Oda başkanlarından çiftçilerin sorunlarını dinleyen Kılıç, çözüm önerilerine yönelik bir değerlendirmede bulundu.
Geçmişte iyi niyetle çıkarılmış olsa da şu an çiftçiyi zorlayan, sıkıntıya sokan hukuki düzenlemelerin olabileceğini, bunların değiştirilmesi gereken içeriklerinin bulunabileceğini belirten Kılıç, "Bizim açımızdan sizin şöyle bir öneminiz var; sahada her sıkıntıyı dinlemek zor bir iş. 3 milyonun üzerindeki işletmeden tek tek sıkıntıları dinlemek, mantıklı sonuçlar üretmek zor. Sizlerin aracılığıyla derlenmiş, toparlanmış bilgiler bunlar. Bu nedenle çok kıymetli bilgiler." diye konuştu.
Kılıç, AK Parti hükümetleri döneminde destek, teşvik ve katkıların en üst seviyede gösterilmeye çalışıldığını dile getirerek, şunları kaydetti:
"Bütün hükümetlerin amacı üretmek, ürettirmek, en önemlisi de üreteni mutlu etmektir. Üretenin mutlu olmadığı bir yerde üretim sürdürülebilir olmaz. Böyle olunca da mutsuz bir üretici fırsatını bulduğu ilk anda o üretim alanlarını terk eder. Bizim gayemiz ülkemizin refahı yükselirken, dünyadaki standartlarını artırırken bunu üretene de yansıtmak. 'Burada 50 yıl, 100 yıl hayatımı sürdürebilirim' desin. Bunu dedirtemiyorsak problemler var demektir. Komisyon olarak bizler sizden gelen talepleri ilgili bakanlıklara ileterek çözüm aranmasına vesile oluyoruz."

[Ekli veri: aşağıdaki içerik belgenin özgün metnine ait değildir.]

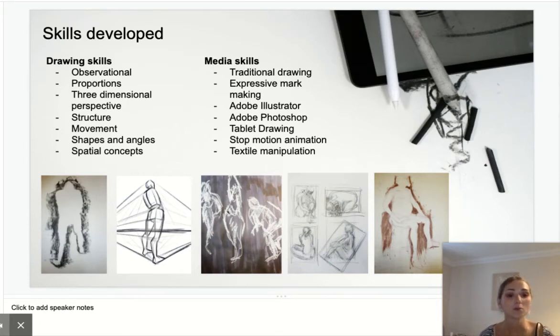We're also going to be strengthening your skills in Adobe Illustrator and Adobe Photoshop through tablet drawings of the human figure, as well as potentially looking into stop animations and again looking at quick paces of how the figure transforms.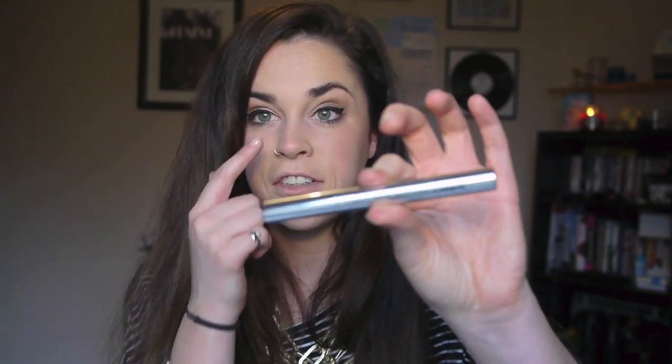I actually had to buy a concealer for the first time ever — I know, very strange. I've started getting bags under my eyes, so I wanted something cheap. I went to Primark and got the Catrice Light Retouch Light Reflecting Concealer in ivory. I'm happy with it so far, though I have nothing to compare it to since I've never used concealer before.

Türkiye Ziraat Odaları Birliği Yönetim Kurulu üyesi ve Kars Ziraat Odası Başkanı Adem Ertaş da bölgede ağırlıklı geçim kaynağının çiftçilik olduğunu, batı illeri ile kıyaslandığında bölgenin dezavantajlarının bulunduğunu söyledi.

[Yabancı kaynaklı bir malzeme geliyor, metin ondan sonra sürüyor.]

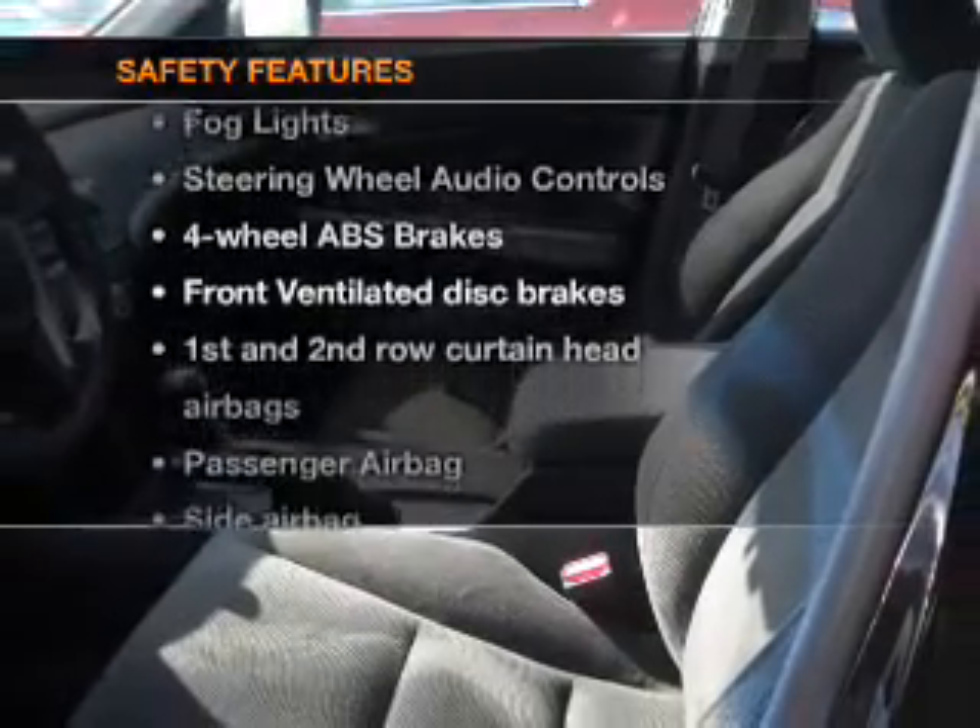And for your peace of mind, the following safety equipment is included: front ventilated disc brakes, passenger airbag, side airbag, curtain head airbags, stability control, daytime running lights.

Özellikle batı illerinde üretici iki-üç kez mahsul hasadı yaparken, doğu illerinde tek mahsulle sınırlı kaldığını belirten Ertaş, şunları kaydetti:
"Bölge yoğunlukla hayvancılık yaptığı için yapılan tarımsal üretim kaba yem ve kesif yem olarak gerçekleşmektedir. Bundan da bir gelir elde edilememektedir. Çiftçilerimiz kredilerle ayakta kalabilmeye çalışıyor. Özellikle kamu bankaları çiftçi ile arasına set çekmiş durumda. Beklentimiz, kredilerin faizsiz olarak yeniden yapılandırılmasıdır. Üreten olarak bir şey kazanamazken aldığımız kredinin yüzde 40'ını faize veriyoruz. Çiftçi bu durumda ne kazanabilir ne de üretebilir. Tarımda girdi yükünün hafifletilmesi gerekiyor.1994-1995 yılları arasında çiftçiye yönelik bir yapılandırma gerçekleştirilmişti. Krediler faizsiz olarak yapılandırılmıştı ve çiftçi bugüne gelebilmişse o dönem gerçekleştirilen yapılandırma sayesindedir."
Ertaş, ayrıca elektrik maliyetlerinin düşürülmesi, destekleme fiyatlarının artırılması, yulaf desteğinin yeniden getirilmesi, kamu bankalarının yeniden çiftçiye yönelik kredi sağlaması, küçükbaş hayvanlara yönelik desteklemenin hayata geçirilmesi gibi taleplerinin dikkate alınmasını istediklerini sözlerine ekledi.